I have a walthers Proto 2000, that I cant seem to change the adress of.

Using digitrax zephyr.

All my other loco's program easily, so its not the zephyr or the program track..

when i attempt to 'read' the adress it just sits there flashing, and the loco buzzes untill removed from the track.

I sure would like to get this thing OFF of adress 3 if anyone has any suggestions.


----------



## DonR (Oct 18, 2012)

Does it operate normally with all functions
as address 03?

Don


----------



## Lemonhawk (Sep 24, 2013)

Constant buzz? Sure it has a decoder in it?


----------



## Mark VerMurlen (Aug 15, 2015)

I think that you need a power booster to use the Program Track with the decoder (Tsunami Soundtrax) that's put into the Walthers Proto 2000 series locomotives.

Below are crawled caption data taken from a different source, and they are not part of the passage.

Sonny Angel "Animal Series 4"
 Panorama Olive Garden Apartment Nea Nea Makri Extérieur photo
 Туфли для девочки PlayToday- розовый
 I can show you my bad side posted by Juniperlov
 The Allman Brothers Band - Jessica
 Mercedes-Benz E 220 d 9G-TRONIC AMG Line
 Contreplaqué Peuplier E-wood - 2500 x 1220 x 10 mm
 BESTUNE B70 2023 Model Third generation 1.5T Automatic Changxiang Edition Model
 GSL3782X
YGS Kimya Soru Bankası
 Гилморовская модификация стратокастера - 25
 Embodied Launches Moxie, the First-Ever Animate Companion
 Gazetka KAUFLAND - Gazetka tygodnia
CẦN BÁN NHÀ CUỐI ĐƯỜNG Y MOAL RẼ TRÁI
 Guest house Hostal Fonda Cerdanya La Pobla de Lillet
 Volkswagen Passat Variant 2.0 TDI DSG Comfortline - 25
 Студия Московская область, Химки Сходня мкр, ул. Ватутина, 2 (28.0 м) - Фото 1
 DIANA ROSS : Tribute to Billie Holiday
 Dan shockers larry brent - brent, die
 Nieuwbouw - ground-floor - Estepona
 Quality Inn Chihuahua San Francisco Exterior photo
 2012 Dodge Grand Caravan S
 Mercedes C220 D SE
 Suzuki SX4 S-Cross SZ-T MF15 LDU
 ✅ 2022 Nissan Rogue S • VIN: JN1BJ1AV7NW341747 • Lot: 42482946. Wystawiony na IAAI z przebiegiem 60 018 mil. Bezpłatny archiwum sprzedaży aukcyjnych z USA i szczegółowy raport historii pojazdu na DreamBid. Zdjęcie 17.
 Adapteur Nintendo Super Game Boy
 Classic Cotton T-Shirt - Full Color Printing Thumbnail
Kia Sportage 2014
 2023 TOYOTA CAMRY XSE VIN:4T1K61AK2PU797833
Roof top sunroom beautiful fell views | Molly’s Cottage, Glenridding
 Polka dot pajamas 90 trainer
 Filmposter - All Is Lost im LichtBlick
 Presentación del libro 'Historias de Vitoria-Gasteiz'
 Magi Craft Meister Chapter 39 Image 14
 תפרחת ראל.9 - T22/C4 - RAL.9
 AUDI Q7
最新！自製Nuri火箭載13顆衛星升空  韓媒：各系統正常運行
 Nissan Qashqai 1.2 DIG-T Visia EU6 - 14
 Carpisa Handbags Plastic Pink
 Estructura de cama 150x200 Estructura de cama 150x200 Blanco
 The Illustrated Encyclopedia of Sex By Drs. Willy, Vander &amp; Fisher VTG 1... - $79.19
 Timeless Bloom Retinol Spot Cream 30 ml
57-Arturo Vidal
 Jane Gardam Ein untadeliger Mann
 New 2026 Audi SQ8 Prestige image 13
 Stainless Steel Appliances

You can read more about that in the manual at http://www.soundtraxx.com/manuals/usersguide_diesel.pdf. I had to use Programming on Main in order to change the address of my Walthers Proto 2000 F7 locomotive. I had to "fiddle" with mine quite a bit to finally get its address changed, so I don't know the exact right steps to get it done. Sorry that I can't be more helpful.

Mark


----------



## santafealltheway (Nov 27, 2012)

DonR said:


> Does it operate normally with all functions
> as address 03?
> 
> Don


Yes, it has a decoder, everything works fine on adress 3, i just cant get it switch.


----------



## Brakeman Jake (Mar 8, 2009)

Try programming on the main (remove other locos from track) on "OPS" mode.You may have to try a few times but should succeed with your Zephyr.Tsunami's need a good punch to program wich isn't available on the prog track.


----------



## Cycleops (Dec 6, 2014)

Programming on the main might work as BJ suggests but I programmed all my Tsunamis on the programme track with my Powercab which has just 1.5 amp so it's not a power thing. Try resetting the decoder by writing 8 to CV 8 and try again, might just sort it.


----------



## evolocomotive (May 23, 2016)

Wow, never heard of this... I use a SPROG to program all my loco's as I don't have a home layout (yet)


----------



## Cycleops (Dec 6, 2014)

evolocomotive said:


> Wow, never heard of this... I use a SPROG to program all my loco's as I don't have a home layout (yet)


Hello, welcome to the forum. It's never been cheaper or easier to have a DCC layout, even a small one. All you need apart from the controller, I recommend the Powercab, is a a few lengths of flex track and one or two turnouts. Loads of ideas here: http://www.carendt.com/category/small-layout-scrapbook/


----------



## santafealltheway (Nov 27, 2012)

So still no luck.

it wont let me reset it to 8 either, it just says busy busy busy busy


----------



## santafealltheway (Nov 27, 2012)

So, it changed address just fine on the bachmann dcc controller. But i cant set it to 17, with its nice lit number boards.


----------